1. YAZARLAR

  2. Serhat İncirli

  3. “Mutluyum çünkü Kıbrıslıyım ve gururluyum! Sonuna kadar!”
Serhat İncirli

Serhat İncirli

“Mutluyum çünkü Kıbrıslıyım ve gururluyum! Sonuna kadar!”

A+A-

Ganimet üzerine kurulan ve her alanda, her anlamda çöken bir “sözde” devlet!

KKTC!

-*-*-

Evet, Elen milliyetçiliği ya da faşizmi, 1974 yılının tam ortasına geldiğimizde, çok ciddi bir hata yaptı ya da o hata bir şekilde yaptırıldı!

-*-*-

En başta Amerika ve İngiltere olmak üzere; Doğu Akdeniz’de “Kıbrıs” denen değerli toprak ve kayalık yığınına mutlaka ve mutlaka Türkiye’nin müdahale edeceğini biliyordu…

Hatta çok önemli iddialara göre, Türkiye’nin Ada’ya yerleşmesi, bizzat Amerikan Dışişleri Bakanı Henry Kissinger’in bir planıydı!

-*-*-

Hepsinden öteye, asla komplo teorisi olmayan bir şey söylemek gerekirse; Amerika, isteseydi, Türkiye’nin müdahalesini engellerdi!

-*-*-

O günkü stratejik, politik, jeostratejik veya gavoloz çıkarlar onu gerektiriyordu ve o oldu!

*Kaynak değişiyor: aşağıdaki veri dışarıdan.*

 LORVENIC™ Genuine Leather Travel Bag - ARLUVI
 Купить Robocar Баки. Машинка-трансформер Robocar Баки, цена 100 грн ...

Türkiye, 20 Temmuz 1974’te Ada’ya asker çıkarmaya başladı…

-*-*-

16 Ağustos 1974’te, bugünkü “sınır” veya “Atilla Hattı” ya da “Yeşil Hat” çizildi…

-*-*-

O sınır ya da hat çekildiği günden bu yana, Kıbrıs’ın Kuzey’i ile Güney’inde iki ayrı “otorite” oluşturuldu…

-*-*-

Bu otoritelerden biri, 1960’ta kurulan ortaklık devletinin mirasını devam ettirdi ve tüm Dünya’nın hatta “İşgalci” sayılan Türkiye’nin de kabul ettiği – tanıdığı ya da kabul edip tanımak zorunda olduğu Kıbrıs Cumhuriyeti olarak devam etti…

-*-*-

Çok sorunları olmuştur…

Çok sıkıntılar da yaşamıştır…

Ama günümüzde küçücük bir devlet olan Kıbrıs Cumhuriyeti, öyle veya böyle, Avrupa Birliği üyesidir; refah seviyesi, tanınırlığı, itibarı, sporda, kültürde, sanatta, bayındırlıkta, ulaştırmada, hele hele eğitimde; Kuzey’de kurulan ya da kurulduğu sanılan sözde devletin fersah fersah önündedir…

-*-*-

Hangi açıdan kıyaslarsanız kıyaslayın, Güney’de varlığını sürdüren Kıbrıs Cumhuriyeti; Kuzey’deki sözde devlete kıyasla son model elektrikli bir araçtır… Kuzey’deki devlet ise hala taş devrinde tekerleğin ilk icat edildiği günlerde sopaya “cirilenen” o tekerlekten öte değildir…

-*-*-

Kuzey’e ilk başlarda yani 1975’lerde “tarım iş gücü” adı altında Türkiye’den nüfus taşındı…

-*-*-

O dönemin yöneticilerinin en üzerindekiler “gelen Türk giden Türk” dedi ve belki de Kıbrıs Türk tarihinin en büyük İngiltere’ye kaçış veya göçünü “gizledi”…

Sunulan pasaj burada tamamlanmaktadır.